When a loved one passes away, a family usually comes together and supports one another. However, that doesn't seem to be the case for this man and his teenage daughter in the wildly popular "AITA" subreddit.
In June 2023, a man took to the popular subreddit to explain a recent decision he made regarding his teenage daughter. The original poster, who goes by the handle u/TerribleTurnover2444, said he didn't let his daughter take time off school to grieve her mother's death. Read on for more details.
A dad didn't let his daughter take time off school to grieve her mom's death.
The man first provided context, stating that life has been incredibly difficult for him and his daughter since his wife's (and her mother's) passing. He added that dealing with his own grief while trying to provide for his child has been a challenge, noting that she's been "extremely distraught."
"I can see how much she's struggling emotionally," the OP explained. "However, when she asked me for time off from school to process her grief, I ended up prioritizing her academic performance instead."
The OP said he's always been a "stickler" for school, and his daughter is someone who excels in her studies. So, when she approached him and asked for a break to process her grief, he "couldn't help but think about how it would impact her grades and future prospects."
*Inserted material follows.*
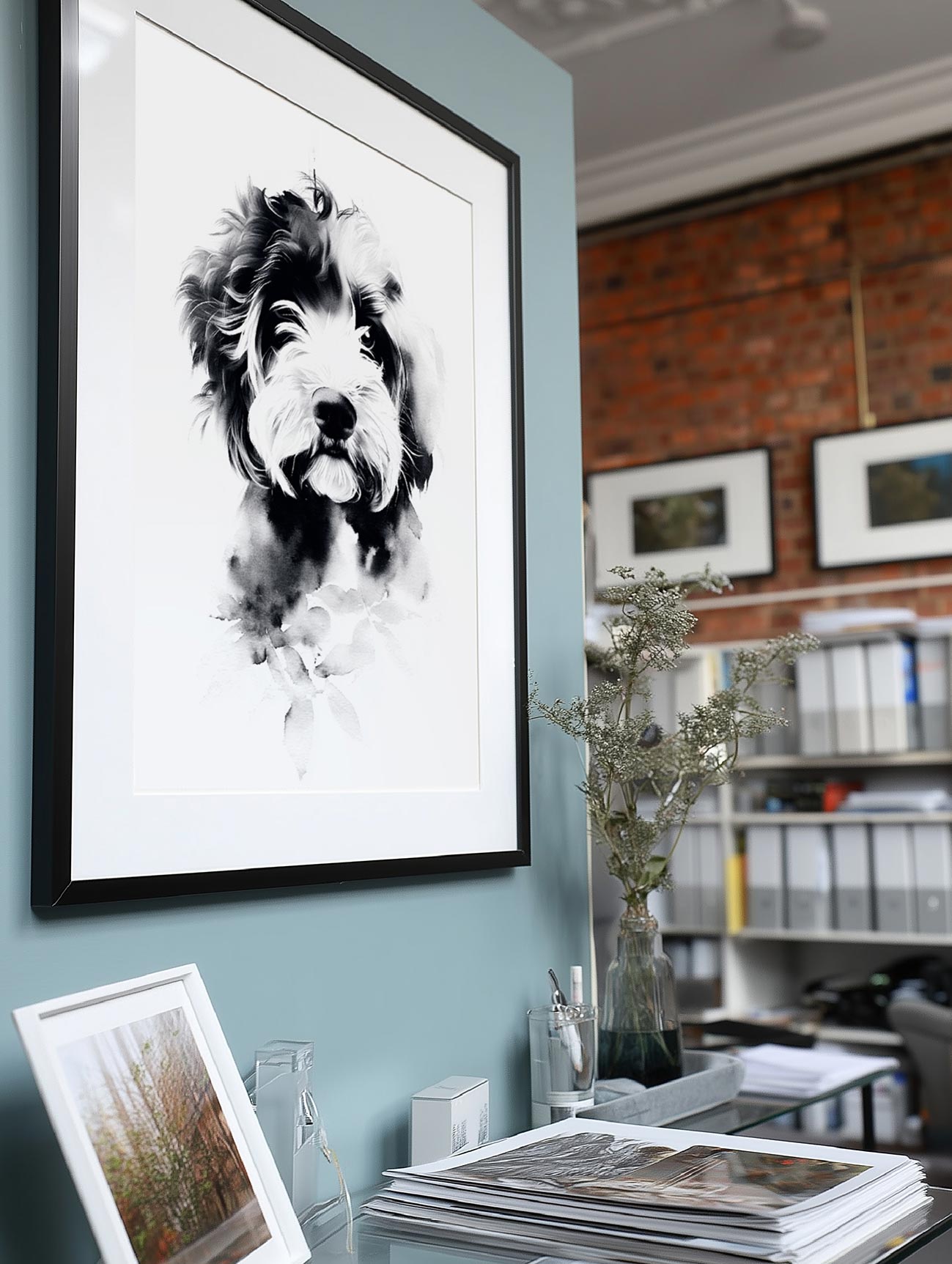 Framed black and white pet portrait on a light blue wall with a bookshelf in the background.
The man claimed he was "concerned" that missing school would result in her grades dropping and ruin her chances of getting into a good college. So, instead of allowing his daughter to take time off, the OP "suggested that she continue attending school" because "maintaining a routine and focusing on her education" would keep her on track.
As expected, the OP's daughter was absolutely devastated; she accused her dad of "not caring about her feelings and prioritizing her school performance over her emotional well-being."
Reddit urged the OP to allow his daughter time to grieve.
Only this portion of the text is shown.